Published in conjunction with

The Enterprise Engagement
Alliance Networking Expo
Enterprise Engagement Alliance

Big Picture: Timing is Everything

By Bruce Bolger, Publisher

In some respects, we couldn’t have chosen a worse time to create the Enterprise Engagement Alliance. This is the outreach and education organization dedicated to promoting the emergence of an enterprise approach to engagement and to creating and promulgating a formal curriculum for effective implementation. The time was early 2008, just when the U.S. was slipping into the beginning of what will likely be called the second Great Depression. By all accounts, the EEA should have been a flash in the pan – why would organizations focus on engagement at a time when basic survival became the imperative?

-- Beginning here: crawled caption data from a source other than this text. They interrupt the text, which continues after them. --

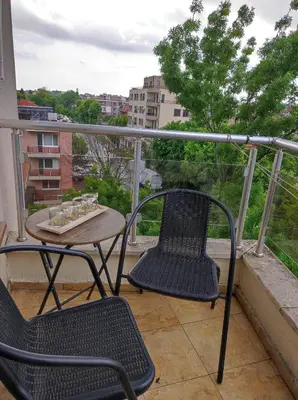 a balcony with two chairs and a table on a balcony at Студио Слънчево утро in Burgas City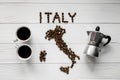 Map of the Italy made of roasted coffee beans laying on white wooden textured background with two cups and coffee maker Royalty Free Stock Photo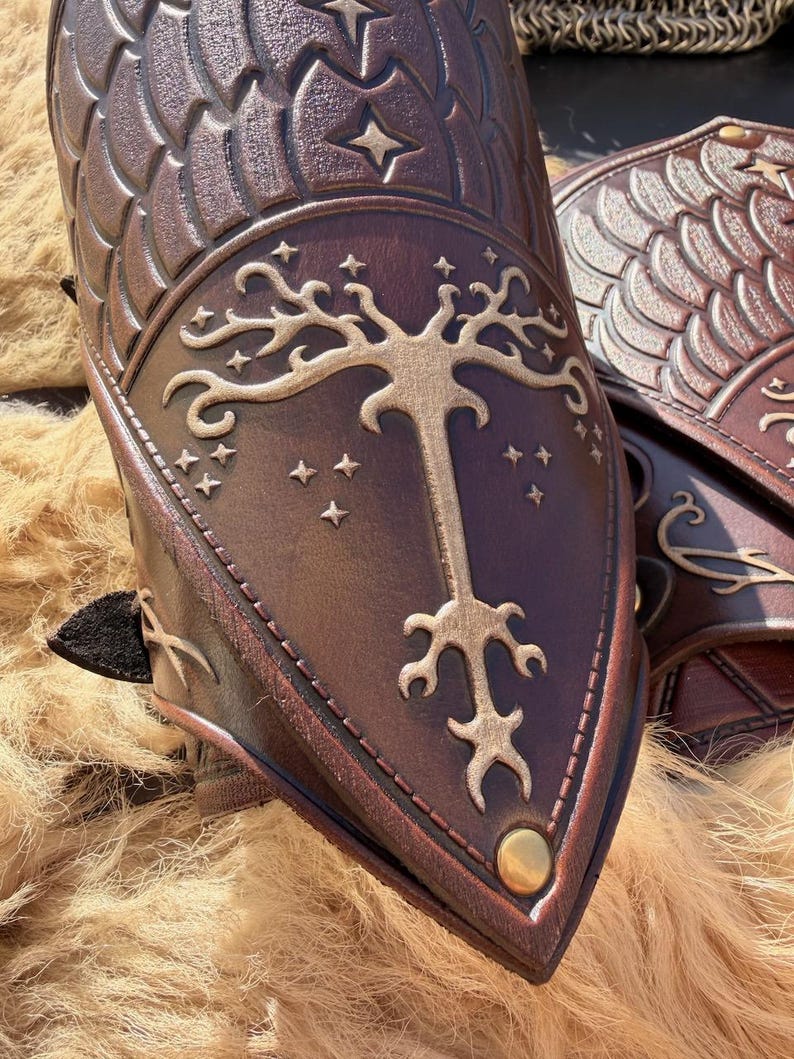 Puede incluir: Primer plano de protectores de brazo de cuero marr&oacute;n con patrones de escamas y estrellas en relieve. El dise&ntilde;o central presenta un &aacute;rbol dorado con estrellas. Un tachuela dorada est&aacute; en la parte inferior. Los protectores de brazo son probablemente para cosplay o recreaciones hist&oacute;ricas.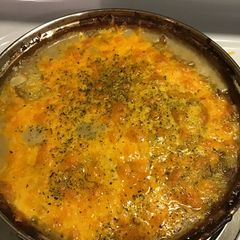 A picture of Cheddar, herb and sausage potato au’ gratin.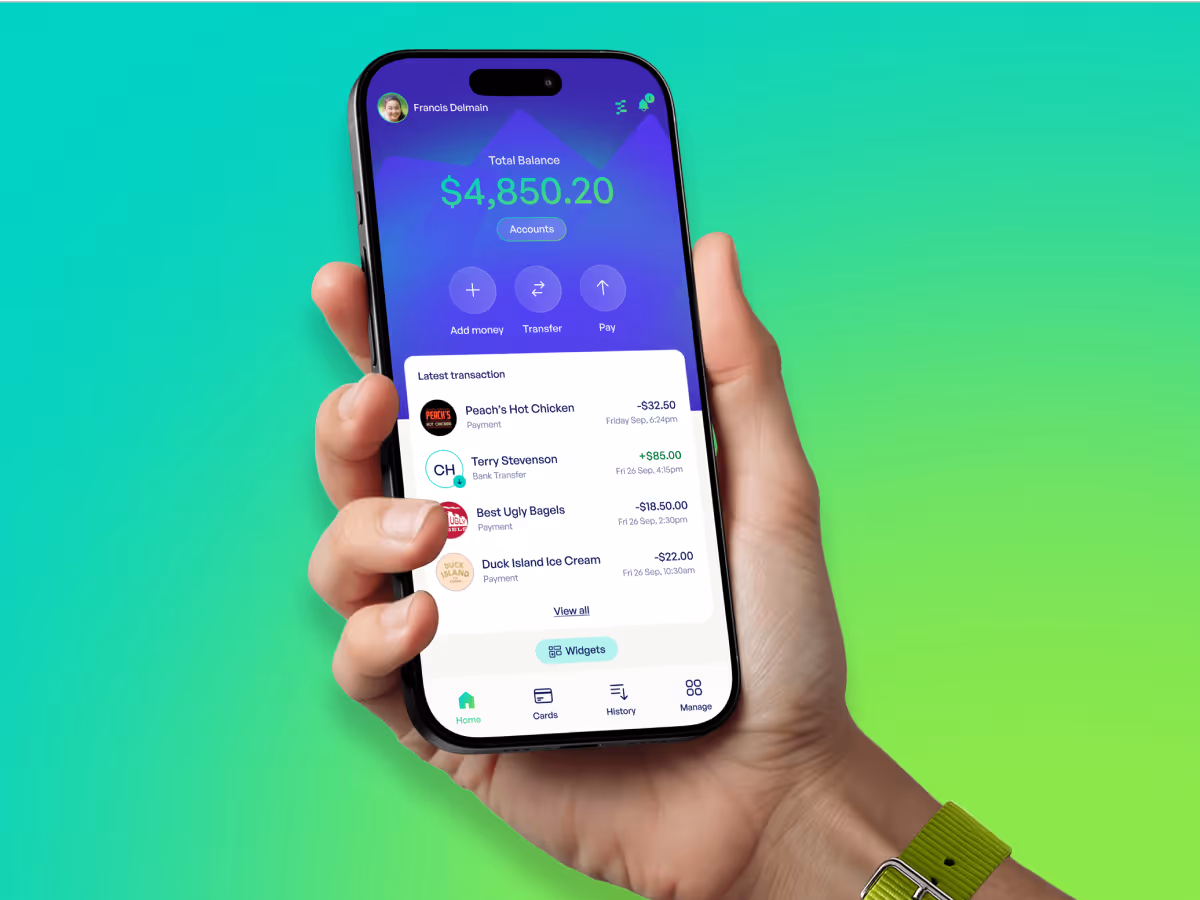 Hand holding smartphone showing a financial app with a total balance of $4,850.20 and recent transactions from Peach’s Hot Chicken, Terry Stevenson, Best Ugly Bagels, and Duck Island Ice Cream.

Ironically, the answer to that question might help explain our success. The dozens of leading organizations known to have strategic engagement programs are doing so precisely because engagement may be the key to growth. The relentless recession and the disruptions being created by the Internet and social networking are exposing the inefficiencies that come from emphasizing processes over people. The easier it is for customers to defect to competitors and to share their experiences with other customers, the more organizations have to focus on the fundamental “people drivers” that make the difference between having engaged or disengaged customers and employees. It is in fact far less expensive to grow businesses by strategically focusing on engaging customers, distribution partners, employees and vendors than it is to run large advertising campaigns while cutting corners on the critical, human drivers of customer satisfaction.

Signs of Progress

Organizations can for the first time begin to measure the long-term benefits of word-of-mouth advertising, customer loyalty and a good reputation. As more and more products and services become commoditized, the unique selling proposition and source of innovation becomes the ability to engage employees (and distribution partners and vendors) to not only perform to the continual delight of customers, but to be relentlessly in search of new ways to please them. Here are some of the many signs of progress both in the field of Enterprise Engagement and at the Enterprise Engagement Alliance: 

  • More and more leading companies have formal engagement strategies that have been presented publicly at the education events of Marcus Evans, the Business Marketing Association, American Strategic Management Institute and many others. Such companies include McDonalds, the New York Stock Exchange, Coca-Cola, Barilla, Isle of Capri Casinos, Nicor Energy, Ernst & Young and Fairmont Hotels.
  • There have been over a half-dozen comprehensive articles published this year specifically on Enterprise Engagement by the American Management Association, HR Executive, HR.com, Training magazine, Incentive magazine and Corporate and Incentive Travel.
  • The EEA formally launched its first paid Enterprise Engagement half-day curriculum program in conjunction with Marcus Evans, with nearly 20 attendees all representing Fortune 1,000 companies.
  • The EEA tested the launch of a Web-based curriculum program this fall that will be formally presented in 2012 on a monthly basis in conjunction with Marcus Evans. A key finding is that most participants no longer need evidence that engagement can improve performance. The key issue is how to implement it at the practical level.
  • The EEA published new curriculum modules on Measurement and Rewards & Recognition that provide specific, practical steps based on research that organizations can use as part of tactical efforts to implement engagement. We expect to publish an additional dozen curriculum modules on different areas of engagement in 2012.
  • The EEA has launched the Enterprise Engagement Benchmark Indicator, a free tool companies can use to confidentially benchmark their Enterprise Engagement practices in 15 minutes or less, both against best practices and other organizations that use the tool (go to www.eebenchmark.com).
  • The EEA has launched version 2 of its portal at www.enterpriseengagement.org, making it easier to find the latest research, news, how-to and reference information, including over a dozen recent authoritative articles on social networking and other elements of engagement.
  • The EEA will shortly announce additional tools to help organizations benchmark enterprise engagement and promote their commitment to people.

Loyalty and Commitment

When the recession hit, a business friend and long-time leader in the incentive business, Jim Dittman, President of Dittman Incentive Marketing, predicted that in the long-run the recession would be good for his business. It would force organizations to focus on the value of their people, he said, as loyalty and commitment would finally be exposed as the best way to enhance performance.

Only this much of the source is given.